▶ _YOUR OBJECTIVE_
Exactly reproduce the lines from the line that has "Lit coffre rembourré" down to the last line of the entries, inclusive.
START MATERIAL FOR THIS EXERCISE
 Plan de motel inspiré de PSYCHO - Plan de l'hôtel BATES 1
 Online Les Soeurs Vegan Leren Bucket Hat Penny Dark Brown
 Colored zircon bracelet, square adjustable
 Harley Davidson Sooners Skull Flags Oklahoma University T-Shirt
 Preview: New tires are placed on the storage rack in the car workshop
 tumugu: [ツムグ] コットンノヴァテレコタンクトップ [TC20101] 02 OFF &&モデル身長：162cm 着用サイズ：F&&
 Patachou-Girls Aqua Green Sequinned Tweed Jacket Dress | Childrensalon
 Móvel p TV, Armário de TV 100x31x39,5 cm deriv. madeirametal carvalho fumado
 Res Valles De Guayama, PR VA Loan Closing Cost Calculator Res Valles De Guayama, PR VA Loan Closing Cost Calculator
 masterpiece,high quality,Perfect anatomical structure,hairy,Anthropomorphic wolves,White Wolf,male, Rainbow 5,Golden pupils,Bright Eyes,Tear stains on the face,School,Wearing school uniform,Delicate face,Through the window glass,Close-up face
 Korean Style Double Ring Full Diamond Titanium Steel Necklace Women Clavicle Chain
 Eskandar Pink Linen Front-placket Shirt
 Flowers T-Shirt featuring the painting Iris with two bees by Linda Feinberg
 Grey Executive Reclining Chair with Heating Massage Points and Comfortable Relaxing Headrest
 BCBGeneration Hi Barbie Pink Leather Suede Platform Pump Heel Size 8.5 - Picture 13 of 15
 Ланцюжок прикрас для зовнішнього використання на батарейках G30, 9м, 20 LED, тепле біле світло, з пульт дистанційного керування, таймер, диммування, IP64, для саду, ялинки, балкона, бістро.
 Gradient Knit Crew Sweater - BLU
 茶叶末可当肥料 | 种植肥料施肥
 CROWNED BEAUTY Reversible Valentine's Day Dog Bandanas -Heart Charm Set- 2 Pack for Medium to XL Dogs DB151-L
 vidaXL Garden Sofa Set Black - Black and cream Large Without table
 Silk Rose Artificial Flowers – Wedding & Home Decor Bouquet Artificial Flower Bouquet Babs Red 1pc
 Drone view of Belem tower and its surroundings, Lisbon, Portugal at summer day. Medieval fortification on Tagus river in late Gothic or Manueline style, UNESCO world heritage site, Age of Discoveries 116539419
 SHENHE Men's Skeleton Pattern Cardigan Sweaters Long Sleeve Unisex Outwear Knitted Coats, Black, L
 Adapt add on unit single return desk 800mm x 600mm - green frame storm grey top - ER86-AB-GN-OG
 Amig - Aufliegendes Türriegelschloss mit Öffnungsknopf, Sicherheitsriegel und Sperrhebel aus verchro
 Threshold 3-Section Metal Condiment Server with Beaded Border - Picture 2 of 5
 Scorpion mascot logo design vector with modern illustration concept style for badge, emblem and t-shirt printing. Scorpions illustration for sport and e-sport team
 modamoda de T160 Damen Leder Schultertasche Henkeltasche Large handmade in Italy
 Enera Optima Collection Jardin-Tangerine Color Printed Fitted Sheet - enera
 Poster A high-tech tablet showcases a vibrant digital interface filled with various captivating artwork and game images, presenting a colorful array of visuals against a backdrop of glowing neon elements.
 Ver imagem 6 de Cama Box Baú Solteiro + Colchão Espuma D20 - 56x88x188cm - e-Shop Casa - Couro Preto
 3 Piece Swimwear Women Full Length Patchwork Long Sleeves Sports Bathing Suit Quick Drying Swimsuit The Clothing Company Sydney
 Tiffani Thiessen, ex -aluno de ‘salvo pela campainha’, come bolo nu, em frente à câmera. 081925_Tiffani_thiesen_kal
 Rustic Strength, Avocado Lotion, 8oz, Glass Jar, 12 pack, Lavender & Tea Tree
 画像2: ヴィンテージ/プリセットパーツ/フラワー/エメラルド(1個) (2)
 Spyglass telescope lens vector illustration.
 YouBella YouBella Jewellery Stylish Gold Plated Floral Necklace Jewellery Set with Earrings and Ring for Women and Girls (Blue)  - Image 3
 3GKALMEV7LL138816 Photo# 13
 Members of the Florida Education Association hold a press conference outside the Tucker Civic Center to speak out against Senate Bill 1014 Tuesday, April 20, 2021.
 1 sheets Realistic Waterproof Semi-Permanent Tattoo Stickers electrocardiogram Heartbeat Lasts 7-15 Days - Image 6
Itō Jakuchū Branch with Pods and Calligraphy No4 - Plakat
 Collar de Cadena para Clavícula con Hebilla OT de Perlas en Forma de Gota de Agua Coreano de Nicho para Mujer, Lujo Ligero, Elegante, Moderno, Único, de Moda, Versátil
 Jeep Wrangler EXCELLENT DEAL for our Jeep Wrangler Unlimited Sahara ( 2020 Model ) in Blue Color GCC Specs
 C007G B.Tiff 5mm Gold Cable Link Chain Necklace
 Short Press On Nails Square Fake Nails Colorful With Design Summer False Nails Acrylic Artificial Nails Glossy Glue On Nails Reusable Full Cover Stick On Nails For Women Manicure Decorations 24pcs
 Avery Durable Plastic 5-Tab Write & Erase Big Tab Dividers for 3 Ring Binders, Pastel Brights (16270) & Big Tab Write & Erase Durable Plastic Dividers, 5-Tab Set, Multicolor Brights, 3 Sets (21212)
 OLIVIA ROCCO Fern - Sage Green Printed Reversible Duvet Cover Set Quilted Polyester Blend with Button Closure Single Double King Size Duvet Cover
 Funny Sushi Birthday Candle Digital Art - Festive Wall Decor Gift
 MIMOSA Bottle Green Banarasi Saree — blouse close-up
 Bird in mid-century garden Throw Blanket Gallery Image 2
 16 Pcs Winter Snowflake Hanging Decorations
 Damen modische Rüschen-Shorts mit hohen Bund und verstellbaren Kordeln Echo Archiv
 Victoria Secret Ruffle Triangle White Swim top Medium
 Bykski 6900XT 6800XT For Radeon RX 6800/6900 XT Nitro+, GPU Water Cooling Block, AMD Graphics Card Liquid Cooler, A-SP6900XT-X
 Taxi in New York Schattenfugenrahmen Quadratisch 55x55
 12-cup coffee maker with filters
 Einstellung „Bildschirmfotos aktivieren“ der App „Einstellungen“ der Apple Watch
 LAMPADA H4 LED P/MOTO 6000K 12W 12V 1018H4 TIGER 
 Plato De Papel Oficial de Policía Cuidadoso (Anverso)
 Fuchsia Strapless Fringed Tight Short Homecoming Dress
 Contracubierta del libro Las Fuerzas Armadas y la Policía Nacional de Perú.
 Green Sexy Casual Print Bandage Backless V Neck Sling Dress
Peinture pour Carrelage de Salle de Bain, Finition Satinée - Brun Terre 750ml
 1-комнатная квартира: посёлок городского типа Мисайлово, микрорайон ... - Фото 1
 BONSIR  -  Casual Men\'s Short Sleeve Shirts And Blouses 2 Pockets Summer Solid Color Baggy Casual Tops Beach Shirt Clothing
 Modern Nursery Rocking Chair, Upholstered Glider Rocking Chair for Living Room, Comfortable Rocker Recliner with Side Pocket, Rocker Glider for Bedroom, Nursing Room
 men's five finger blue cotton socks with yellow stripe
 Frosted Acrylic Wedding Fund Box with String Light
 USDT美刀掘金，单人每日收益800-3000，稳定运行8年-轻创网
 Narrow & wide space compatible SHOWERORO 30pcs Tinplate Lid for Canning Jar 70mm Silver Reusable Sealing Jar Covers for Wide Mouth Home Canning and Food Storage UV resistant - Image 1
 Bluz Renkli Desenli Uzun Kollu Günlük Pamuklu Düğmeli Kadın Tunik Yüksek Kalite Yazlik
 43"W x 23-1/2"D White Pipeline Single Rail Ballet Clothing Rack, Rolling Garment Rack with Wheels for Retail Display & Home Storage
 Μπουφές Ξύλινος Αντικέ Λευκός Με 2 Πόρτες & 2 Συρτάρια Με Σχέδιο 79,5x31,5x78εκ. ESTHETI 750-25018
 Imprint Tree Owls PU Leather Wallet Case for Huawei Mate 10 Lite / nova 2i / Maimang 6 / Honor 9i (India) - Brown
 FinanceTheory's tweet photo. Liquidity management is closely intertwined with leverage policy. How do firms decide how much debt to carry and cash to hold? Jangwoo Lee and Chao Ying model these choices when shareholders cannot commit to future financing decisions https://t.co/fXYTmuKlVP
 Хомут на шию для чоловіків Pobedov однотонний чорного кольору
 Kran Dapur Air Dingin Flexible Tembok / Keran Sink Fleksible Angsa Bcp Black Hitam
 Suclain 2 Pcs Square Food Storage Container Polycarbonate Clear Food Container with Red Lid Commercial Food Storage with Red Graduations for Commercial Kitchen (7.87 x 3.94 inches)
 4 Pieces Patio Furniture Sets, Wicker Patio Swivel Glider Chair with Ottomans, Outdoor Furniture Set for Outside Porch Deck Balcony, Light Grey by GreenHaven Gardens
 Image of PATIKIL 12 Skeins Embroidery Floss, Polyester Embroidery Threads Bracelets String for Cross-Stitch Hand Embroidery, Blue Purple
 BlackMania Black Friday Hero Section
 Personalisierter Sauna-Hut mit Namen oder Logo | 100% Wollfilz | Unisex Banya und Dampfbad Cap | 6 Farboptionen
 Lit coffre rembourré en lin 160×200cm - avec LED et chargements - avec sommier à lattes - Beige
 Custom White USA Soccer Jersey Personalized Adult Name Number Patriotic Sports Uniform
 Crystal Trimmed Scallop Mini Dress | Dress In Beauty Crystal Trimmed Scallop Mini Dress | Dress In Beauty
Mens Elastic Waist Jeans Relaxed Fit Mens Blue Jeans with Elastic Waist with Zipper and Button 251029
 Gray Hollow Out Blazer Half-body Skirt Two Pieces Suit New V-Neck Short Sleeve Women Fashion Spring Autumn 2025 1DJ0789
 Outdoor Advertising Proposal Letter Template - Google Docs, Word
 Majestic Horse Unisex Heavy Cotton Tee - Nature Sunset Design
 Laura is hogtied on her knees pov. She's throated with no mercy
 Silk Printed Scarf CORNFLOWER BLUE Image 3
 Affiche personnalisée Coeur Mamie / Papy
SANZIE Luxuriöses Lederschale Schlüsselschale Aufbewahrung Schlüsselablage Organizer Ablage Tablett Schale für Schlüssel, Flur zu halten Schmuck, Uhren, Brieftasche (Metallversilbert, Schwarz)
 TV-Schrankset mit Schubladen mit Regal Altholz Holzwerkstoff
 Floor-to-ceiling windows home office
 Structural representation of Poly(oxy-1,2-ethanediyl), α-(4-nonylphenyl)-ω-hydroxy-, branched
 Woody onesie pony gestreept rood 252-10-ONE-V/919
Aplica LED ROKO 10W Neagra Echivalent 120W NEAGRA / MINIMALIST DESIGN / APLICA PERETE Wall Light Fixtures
END MATERIAL FOR THIS EXERCISE
▶ _WRITTEN REPLY_
 Lit coffre rembourré en lin 160×200cm - avec LED et chargements - avec sommier à lattes - Beige
 Custom White USA Soccer Jersey Personalized Adult Name Number Patriotic Sports Uniform
 Crystal Trimmed Scallop Mini Dress | Dress In Beauty Crystal Trimmed Scallop Mini Dress | Dress In Beauty
Mens Elastic Waist Jeans Relaxed Fit Mens Blue Jeans with Elastic Waist with Zipper and Button 251029
 Gray Hollow Out Blazer Half-body Skirt Two Pieces Suit New V-Neck Short Sleeve Women Fashion Spring Autumn 2025 1DJ0789
 Outdoor Advertising Proposal Letter Template - Google Docs, Word
 Majestic Horse Unisex Heavy Cotton Tee - Nature Sunset Design
 Laura is hogtied on her knees pov. She's throated with no mercy
 Silk Printed Scarf CORNFLOWER BLUE Image 3
 Affiche personnalisée Coeur Mamie / Papy
SANZIE Luxuriöses Lederschale Schlüsselschale Aufbewahrung Schlüsselablage Organizer Ablage Tablett Schale für Schlüssel, Flur zu halten Schmuck, Uhren, Brieftasche (Metallversilbert, Schwarz)
 TV-Schrankset mit Schubladen mit Regal Altholz Holzwerkstoff
 Floor-to-ceiling windows home office
 Structural representation of Poly(oxy-1,2-ethanediyl), α-(4-nonylphenyl)-ω-hydroxy-, branched
 Woody onesie pony gestreept rood 252-10-ONE-V/919
Aplica LED ROKO 10W Neagra Echivalent 120W NEAGRA / MINIMALIST DESIGN / APLICA PERETE Wall Light Fixtures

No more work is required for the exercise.